---------- Source information ----------

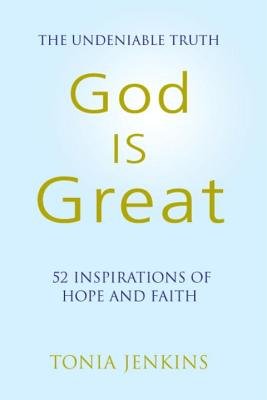 God is Great Paperback by Tonia Jenkins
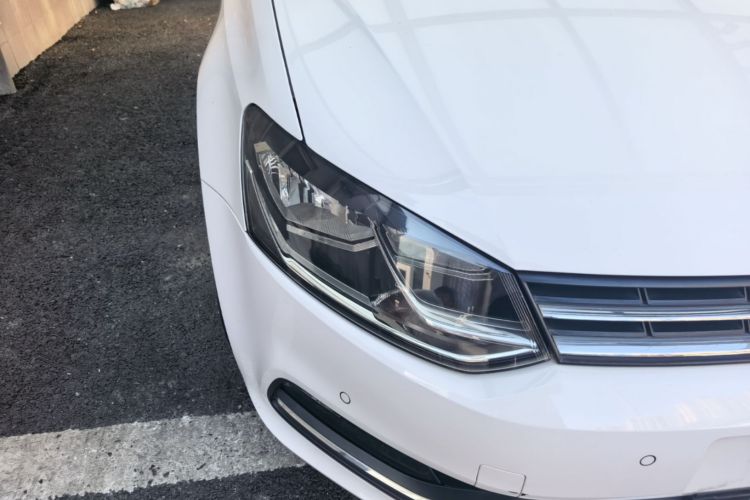 Volkswagen Polo 2015 #8 Volkswagen Polo 2015 car image #8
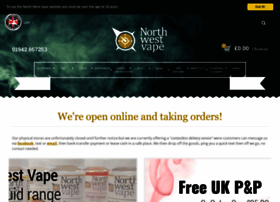 Northwestvape.co.uk thumbnail Northwestvape.co.uk thumbnail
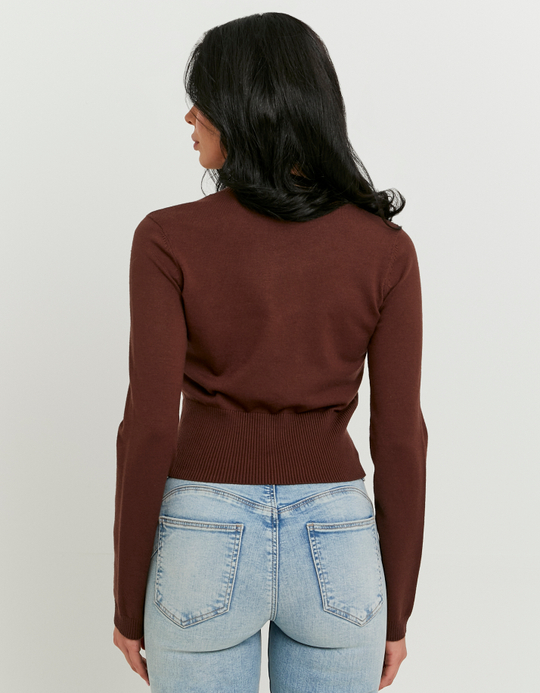 TALLY WEiJL, Brown Cardigan for Women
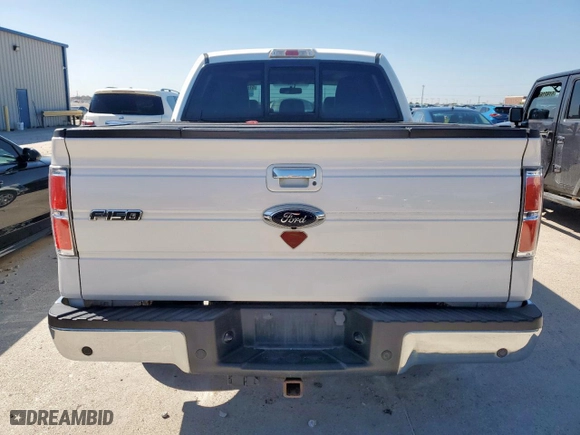 2013 Ford F-150 XL with VIN 1FTFW1CT9DKE38501, listed as a Copart auction lot 51676765 with 194,949 mi miles and Salvage Title. Bid and sale history available at carsss.com. Image 6.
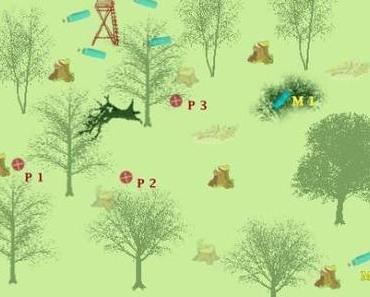 Veränderte Standpunkte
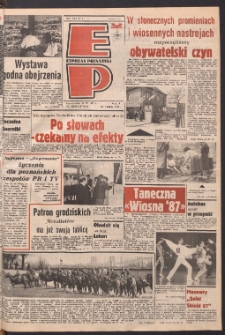 Express Poznański 1987.04.27 Nr81 zawiera Express Sportowy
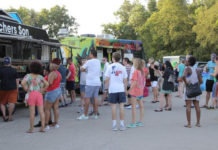 Arlington, TX: Food Truck Friday: Fall Series Returns Sept. 4, 2015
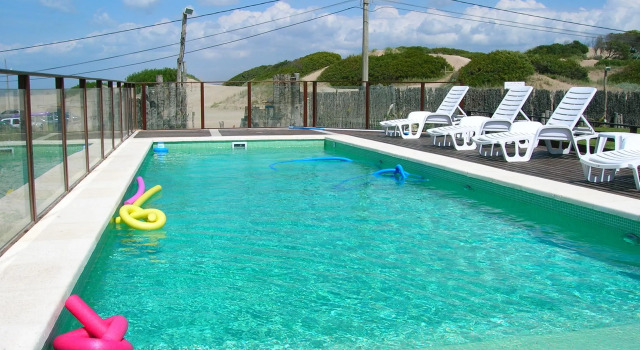Namaste Casas De Mar, Rezerwuj Hotel Hotele w Buenos Aires z basenem, Basen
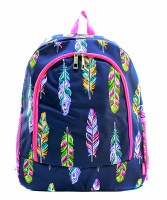 Feather Backpack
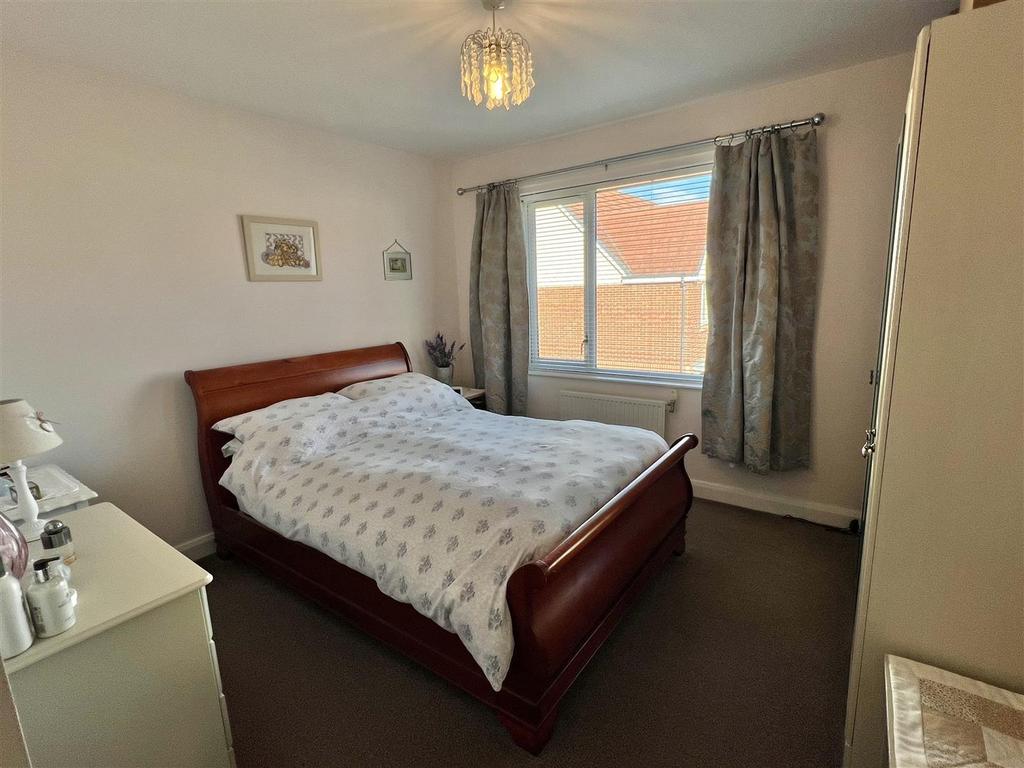 Bedroom one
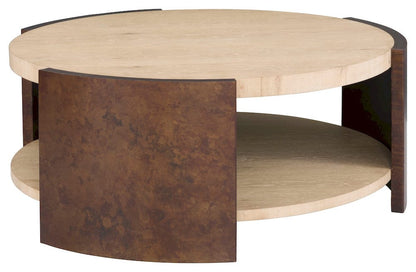 Fairfield Chair Company - Wyatt Cocktail Table - 8177-CK view 1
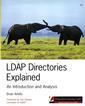 Couverture de l'ouvrage LDAP directories explained : an introduction and analysis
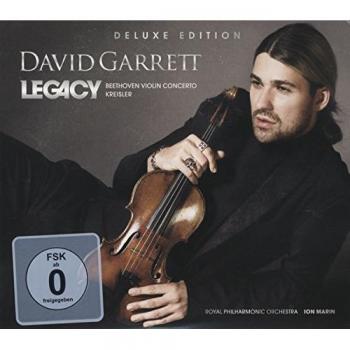 Legacy David Garrett – Version Elite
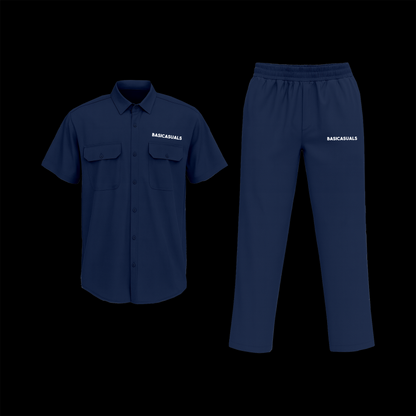 BASICASUALS Oversized "Wear the Culture" Summer Set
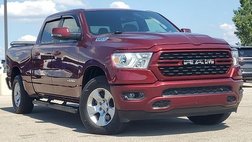 2024 Ram Ram Pickup 1500 Lone Star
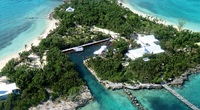 Wyspa Sandy Can na Bahamach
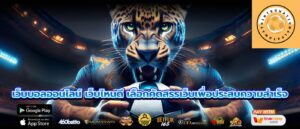 เว็บบอลออนไลน์ เว็บไหนดี เลือกคัดสรรเว็บเพื่อประสบความสำเร็จ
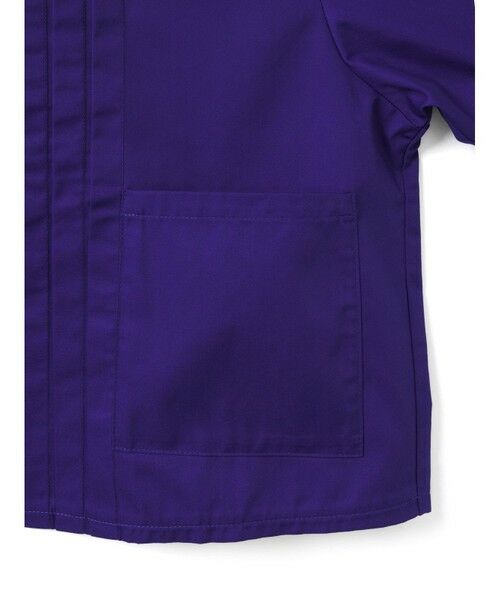 mizuiro ind / ミズイロインド シャツ・ブラウス | mizuiro ind クルーネックピンタックシャツ | 詳細14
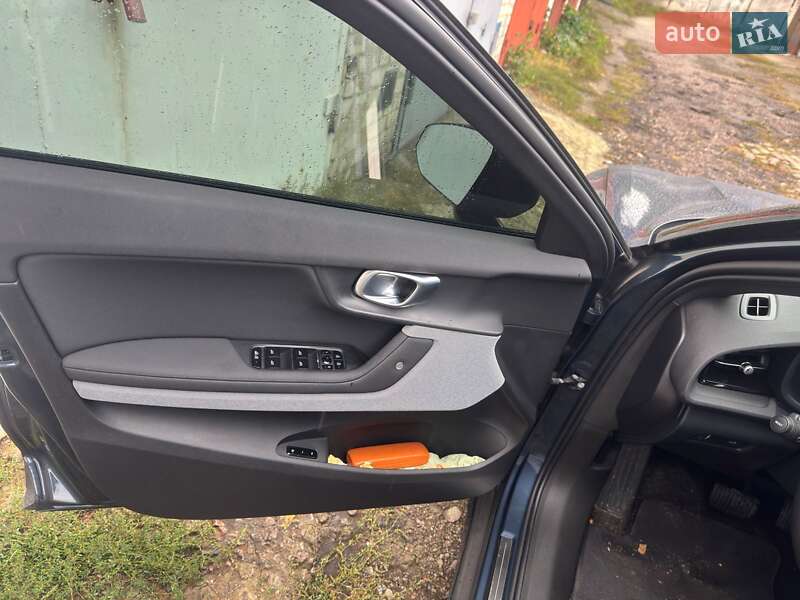 Лифтбек Polestar 2 2022 в Черкассах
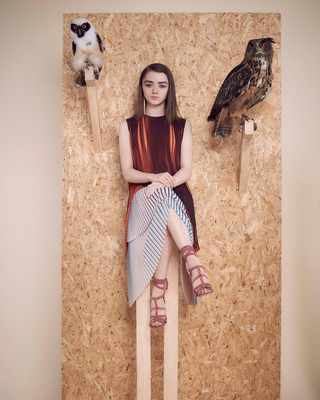 Maisie Williams Mouse Pad G835533
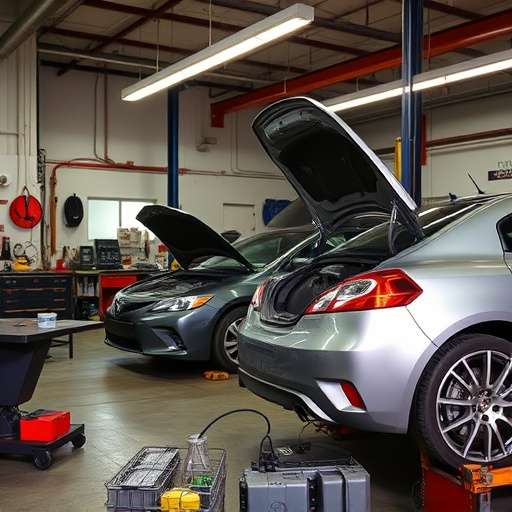 auto repair workshop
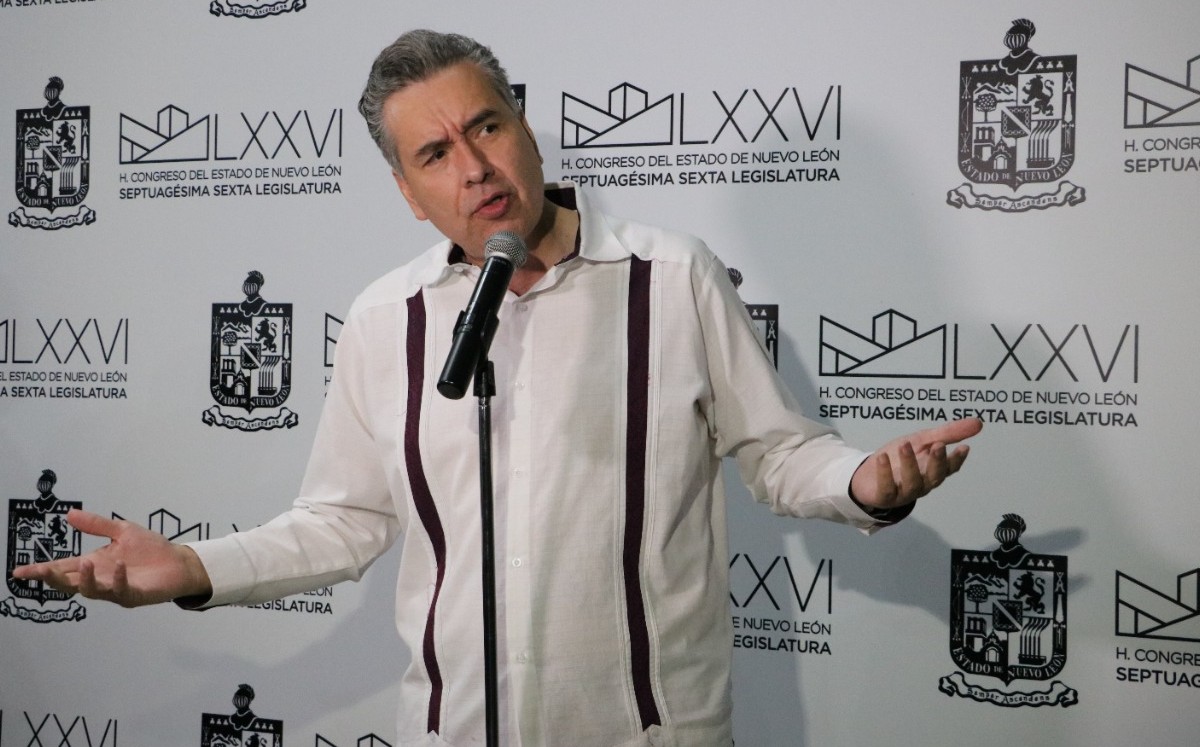 Piden al Gobernador enfocarse en NL antes que pensar en México | Kevin Recio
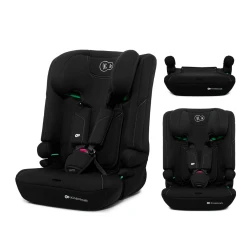 Autositz I-Comfy i-Size (76 do 150 cm) Black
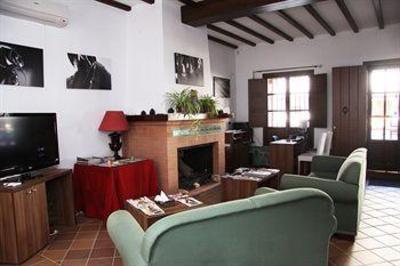фото отеля Hostal La Fonda del Rocio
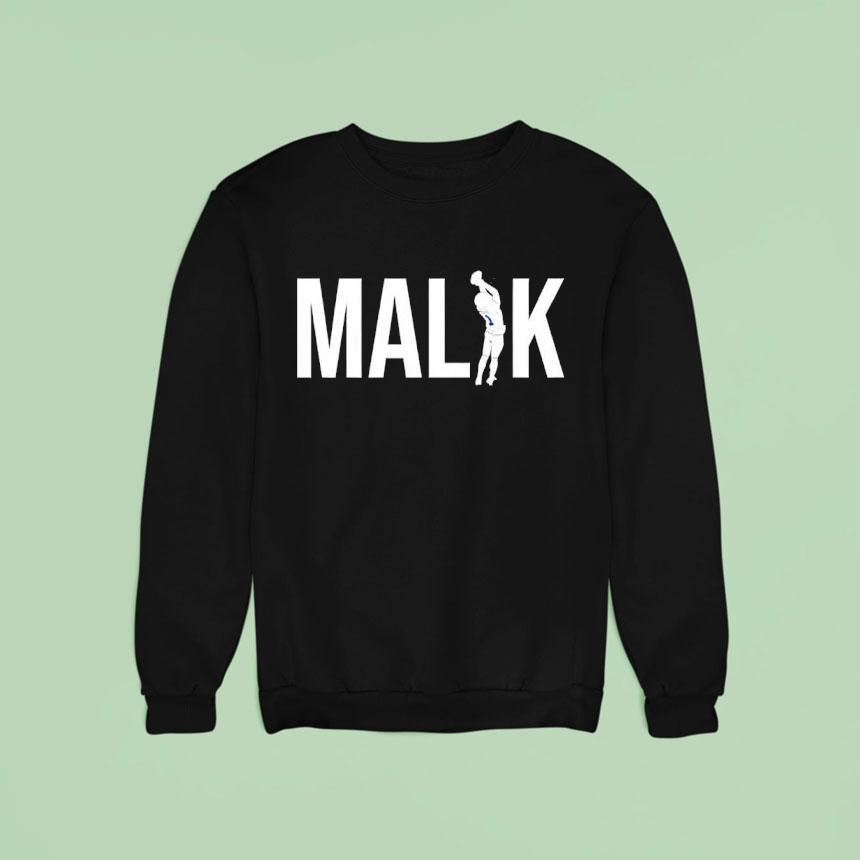 Malik Nabers New York Giants Fashion Player Sweatshirt Malik Nabers New York Giants Fashion Player Sweatshirt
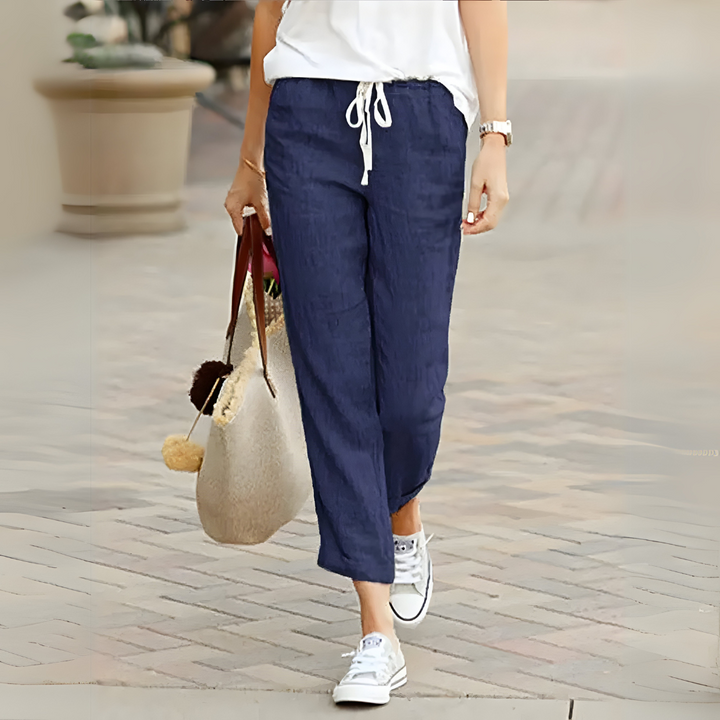 Izumi – Elegante Sommer Hose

----------

What you should do: Reproduce, with the pictures omitted, exactly those lines that run from the line with "mizuiro ind /" to the last line of the material, both ends included.

Result for this task:
 mizuiro ind / ミズイロインド シャツ・ブラウス | mizuiro ind クルーネックピンタックシャツ | 詳細14
 Лифтбек Polestar 2 2022 в Черкассах
 Maisie Williams Mouse Pad G835533
 auto repair workshop
 Piden al Gobernador enfocarse en NL antes que pensar en México | Kevin Recio
 Autositz I-Comfy i-Size (76 do 150 cm) Black
фото отеля Hostal La Fonda del Rocio
 Malik Nabers New York Giants Fashion Player Sweatshirt Malik Nabers New York Giants Fashion Player Sweatshirt
 Izumi – Elegante Sommer Hose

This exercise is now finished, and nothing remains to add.